Politik

Streit um UN-Mandat USA wollen fristlos bleiben

Trotz breiter Kritik im UN-Sicherheitsrat will die US-Regierung an ihren Plänen für ein zeitlich unbefristetes UN-Mandat für den Militäreinsatz im Irak festhalten. Man könne nicht willkürlich ein Datum für ein Ende des Mandats festlegen, weil immer wieder Probleme in der Sicherheitslage auftreten könnten, die gelöst werden müssten, sagte Außenamtssprecher Richard Boucher. Der Einsatz sollte beendet werden, wenn die Iraker selbst in der Lage seien, für die Sicherheit ihrer Regierung zu sorgen und in Frieden und Sicherheit leben könnten.

Nach den Worten Bouchers haben die USA versucht, Bedenken bei anderen Mitgliedern des UN-Sicherheitsrates wegen der Dauer des Militäreinsatzes zu zerstreuen. Danach würden sowohl die jährlich geplante Überprüfung des Mandats im UN-Sicherheitsrat als auch die Resolution 1511 des Sicherheitsrates Bedenken wegen eines zeitlich unbefristeten Einsatz ausschließen. Andere Mitglieder im Sicherheitsrat fordern eine zeitliche Befristung, da die USA mit ihrem Veto eine Aufhebung eines UN-Mandats blockieren könnten.

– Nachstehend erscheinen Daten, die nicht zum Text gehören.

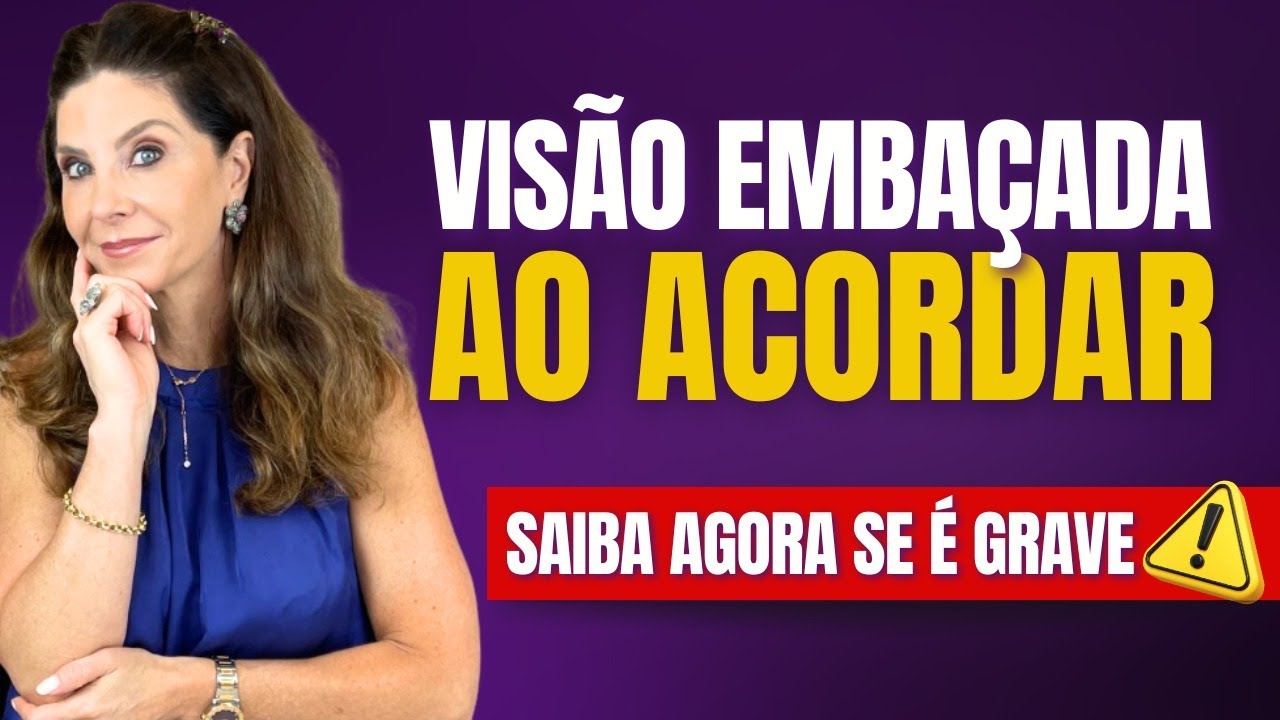 Vis&atilde;o Emba&ccedil;ada ao Acordar? Saiba Agora Se &eacute; Grave!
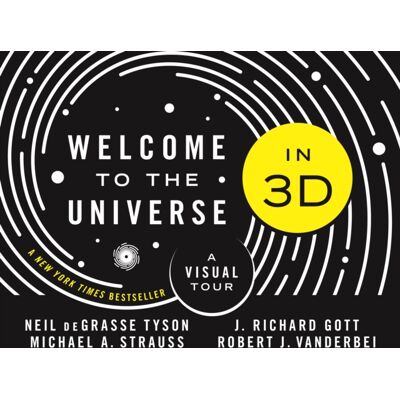 Princeton Welcome to the Universe in 3D : A Visual Tour Neil deGrasse Tyson Princeton Welcome to the Universe in 3D : A Visual Tour Neil deGrasse Tyson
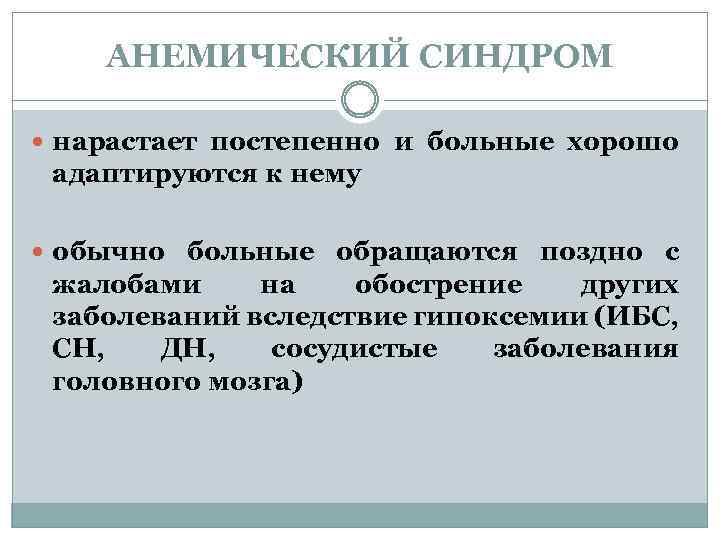 АНЕМИЧЕСКИЙ СИНДРОМ нарастает постепенно и больные хорошо адаптируются к нему обычно больные обращаются поздно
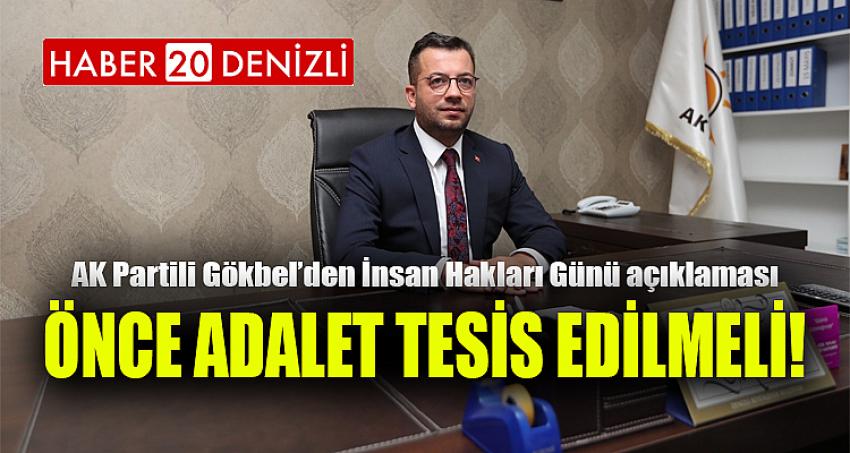 ÖNCE ADALET TESİS EDİLMELİ!
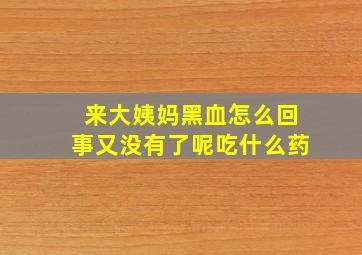 来大姨妈黑血怎么回事又没有了呢吃什么药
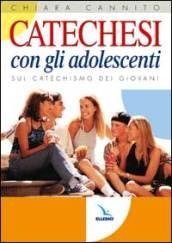 Catechesi con gli adolescenti. Sul catechismo dei giovani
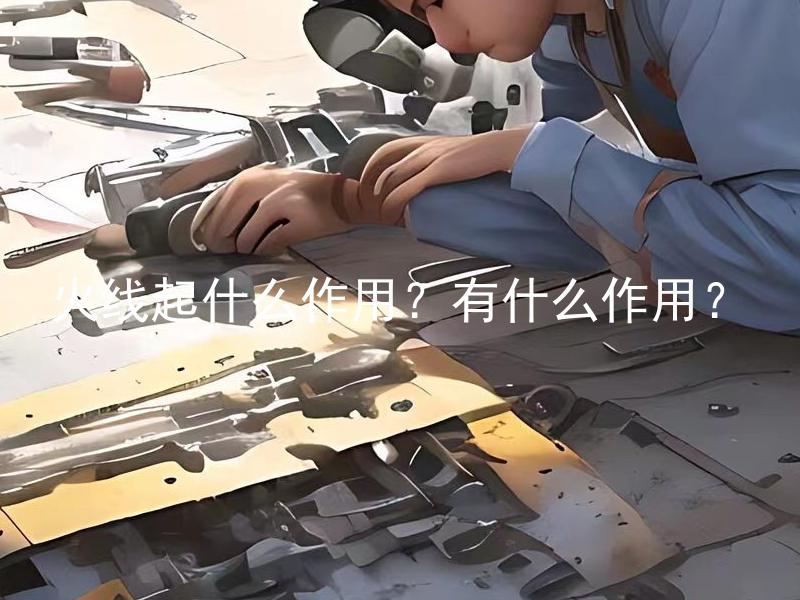 火线起什么作用？有什么作用？ 火线在电路中起什么作用？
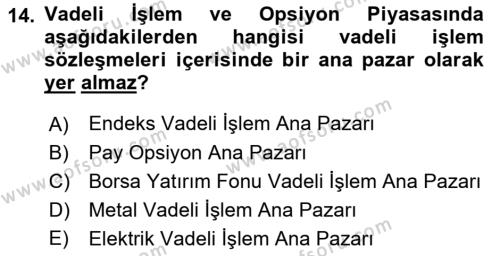 Borsaların Yapısı ve İşleyişi Dersi 2023 - 2024 Yılı (Final) Dönem Sonu Sınavı 14. Soru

Die USA und Großbritannien hatten am Montag einen neuen Resolutionsentwurf zum Irak in den Sicherheitsrat eingebracht. Mehrere Länder, darunter auch Deutschland, Frankreich und Russland, verlangten Nachbesserungen.

Zu den Streitpunkten gehört neben der zeitlichen Befristung des Mandats auch die Forderung, dass führende Vertreter der neuen irakischen Regierung vor dem Sicherheitsrat in New York erscheinen müssten, bevor sie durch die UN akzeptiert würden. Ungeklärt ist auch, ob die Übergangsregierung nach der formalen Übernahme der Macht gegen militärische Operationen der USA im eigenen Land ein Veto einlegen kann.

Fischer glaubt an frühen Abzug

Bundesaußenminister Joschka Fischer (Grüne) rechnet nicht mit einer dauernden US-Militärpräsenz im Irak. "Ich glaube nicht an eine längerfristige Präsenz der Koalitionstruppen", sagte Fischer dem "Handelsblatt". Gleichzeitig sprach er sich gegen den Einsatz der NATO im Irak aus. Im Interesse der NATO und ihrer Zukunftsfähigkeit sollte man davon Abstand nehmen.

Deutschland werde sich im Irak nicht mit Truppen beteiligen, betonte Fischer. Er zeigte sich optimistisch, dass es gelingen werde, sich im UN-Sicherheitsrat auf eine Irak-Resolution zu einigen. Wichtig sei dabei etwa die Präzisierung, dass die Übergangsregierung noch nicht voll demokratisch legitimiert sei.